After working so hard for many years clawing my way to the top, I relished in those first few years of making it to the executive suite. Confident. Bold. Full of conviction. That’s the image I wanted to project. That’s what you would have read in my journal those days. But soon enough, the glimmer wore off, and I was faced with the daunting realization that everyone expected me to make some pretty tough decisions, and to get them right. Owning those major decisions took some getting used to. What if I made a mistake? What if I was wrong? What will happen if I make a twenty million dollar boggle?

When it came time to actually make those big decisions, I frequently would have cold feet, and second thoughts. “Do you really know what you are doing?” my journal would ask. That’s what I would be thinking on the way home from work, or waking up in the middle of the night in a cold sweat. “Who do you think you are? I’ll tell you who you are, you are a big fat Loser who is trying to fake everyone out with your fancy business plans and big ideas. They are on to you, boy!” Those same thoughts crossed my mind as I drove past the construction site of an enormously expensive project that I had recently launched. A project that I had fought for and wrestled with for three years, doing market research, studying the competition, building a business plan, getting advice from experts, and then victoriously convincing the Board that it would provide a superior return for the investors, giving us a formidable edge in the industry. But sitting in my car a few weeks later watching the steel going up, I suddenly felt a lump in my stomach. “Dear Lord in heaven, what have I done?” I thought to myself, gripping the steering wheel with white-knuckles as the friendly construction workers smiled and waved at me. In a brief moment of desperate panic, I secretly reneged on all of my bold predictions for growth and profits. All I wanted to do was run and hide. It all crumbled before me in an imaginary meltdown, as I pictured myself standing before the Board, trying to explain the massive failure of my plan.
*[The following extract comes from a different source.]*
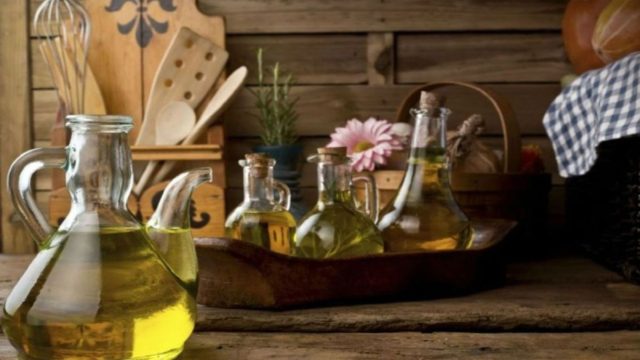 Τοποθετείτε το μπουκάλι με το ελαιόλαδο κοντά στο παράθυρο; Σταματήστε το αμέσως!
In moments like this, I need to step back, to gain some perspective, and to be less emotional – more objective. I need a helping hand. I turn to my journal, and let it all out in a flurry of cries and pleas to God, followed by a good deal of man-to-man straight-talk. It calms me down. A few months later, I go back and read through those escalating crazy-man thoughts, and I chuckle. “Ha, Ha, wasn’t that funny how I got so worked up over that little thing! Oh, Ye of Little Faith! Sheesh!”

A few months after the fact, it is now so obvious that any dummy could have seen how God was with me then. He was there the whole time. Everything worked out just fine, even though it was a little touch and go for a while. I had done all the right homework; I received plenty of input and advice. I was not being arrogant and cavalier in promoting my ideas. So why did I panic?

I think about that Woody Allen quote, the one that says “Eighty percent of success is just showing up.” That’s all God wants from me, is to just show up every day and do my job – at home, at work, with my kids, with my friends and church. And if I’m doing it right, if I’m stepping out in faith and taking calculated risks once in a while, there might be times when it feels like what I am doing is crazy. It’s like an old saying I heard once from a youth leader in high school: “God can’t steer a parked car.” It may take a while, we may fumble around and bump into things at first, but He’s got to start somewhere.

I’ll bet that in God’s playbook, one hundred percent of success is based on just showing up. And to be honest, some days that’s barely all we can manage. But, really, what other choice do we have? We wake up, turn over in bed, and sooner or later we are going to have to get up and start moving around. That’s when the Holy Spirit can sneak in and start doing some good work with us. He can prod and push us, nudging us along a little at a time. “So, now that you’re up, why not make that phone call?” He might ask, in a cheerful, encouraging voice. You might as well go and talk to that person you were thinking about. And it wouldn’t hurt to organize that meeting you’ve had on that list for a while. A little at a time. Things start getting mobilized. And before you know it, God is doing something in your life that you didn’t even expect.